At all meetings of shareholders held for the purpose of electing Directors during such time as the holders of the shares of the Preferred Stock shall have the right, voting as a class, to elect Directors pursuant to this Section, the presence in person or by proxy of the holders of a majority of the outstanding shares of the Preferred Stock then entitled, as a class, to elect Directors pursuant to this Section shall be required to constitute a quorum of such class for the election of Directors; provided, that the absence of a quorum of the holders of Preferred Stock shall not prevent the election at any such meeting or adjournment thereof of Directors by any other class or classes of stock if the necessary quorum of the holders of such stock is present in person or by proxy at such meeting.

The right of the holders of Preferred Stock, voting as a class, to participate in the election of Directors pursuant to this Section shall continue in effect, in the case of all Preferred Stock entitled to receive cumulative dividends, until all accumulated and unpaid dividends have been paid or declared and set apart for payment on all cumulative Preferred Stock, the holders of which shall have been entitled to vote at the previous annual meeting of shareholders, or in the case of all non-cumulative Preferred Stock until non-cumulative dividends have been paid or declared and set apart for payment for four consecutive quarterly dividend periods on all non-cumulative Preferred Stock, the holders of which shall have been entitled to vote at the previous annual meeting of shareholders, and thereafter the right of the holders of Preferred Stock, voting as a class, to participate in the election of Directors pursuant to this Section shall terminate.

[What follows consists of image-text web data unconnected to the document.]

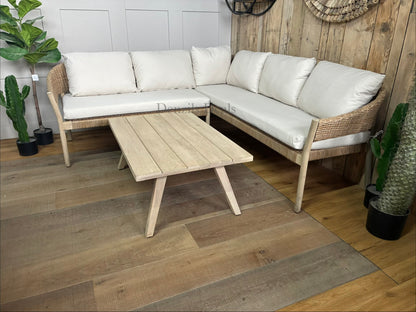 John Lewis Burford 5-Seater Woven Corner Garden Sofa & coffee Table Rrp £1390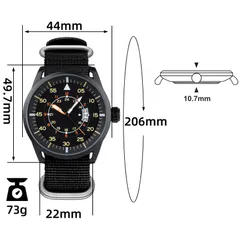 Addies 1508 dimension graphic (44mm, 49.7mm, 10.7mm, 22mm, 206mm, 73g)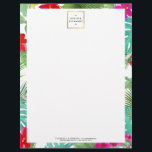 Chic Tropical Print Watercolor Designer Letterhead<br><div class="desc">Coordinates with the Chic Tropical Print Watercolor Designer Business Card Template by 1201AM. A vibrant watercolor illustration of tropical leaves and flowers fills the border of this personalized letterhead. Your name or business name is simply displayed in a faux gold framed box across the top. Perfect for anyone looking for...</div>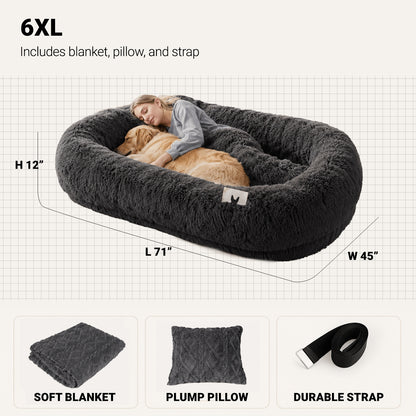 Dark gray BarkTango human-size dog bed color option for people and pets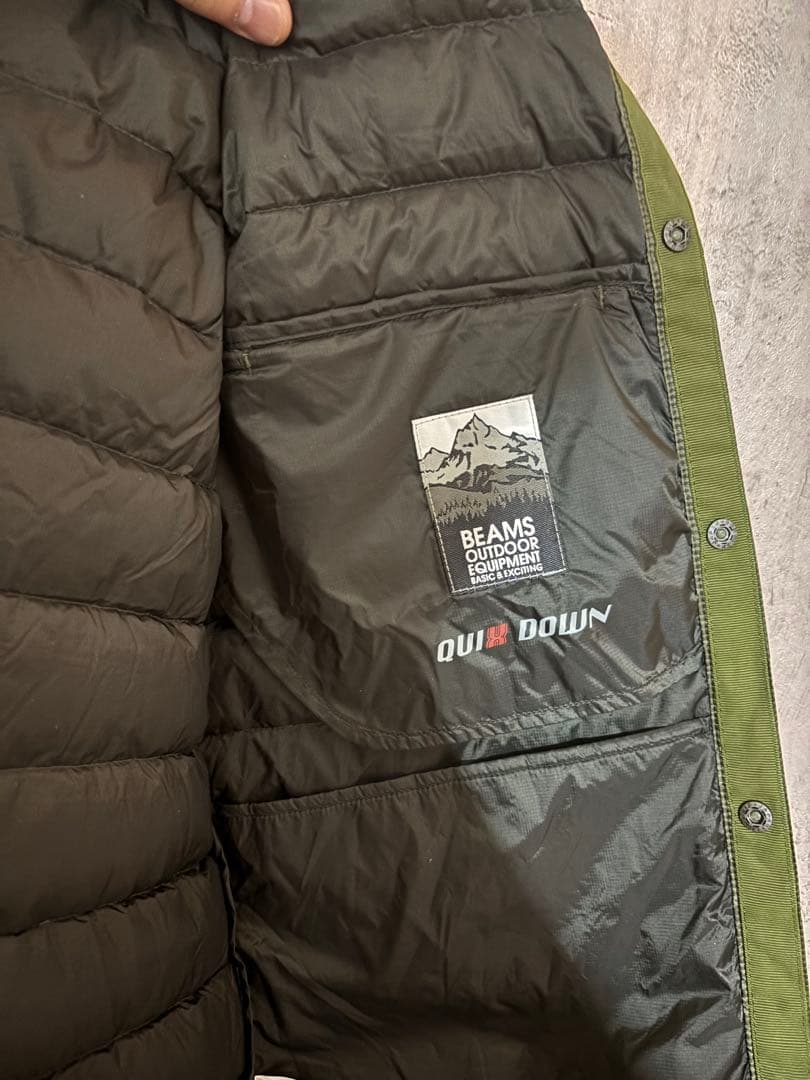 BEAMS別注Marmot ダウンベスト オリーブ Lサイズ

Upon termination of the right of the holders of Preferred Stock, voting as a class, to participate in the election of Directors pursuant to this Section, the term of office of each Director then in office elected by the holders of the Preferred Stock shall terminate, and any vacancy so created may be filled as provided by the bylaws of the Corporation.

Any Director or Directors elected by the holders of Preferred Stock, voting as a class pursuant to this Section, may be removed, with or without cause, only by a vote of the holders of a majority of the shares of Preferred Stock taken at a meeting as provided by Section 4 of Article III of these Articles of Incorporation.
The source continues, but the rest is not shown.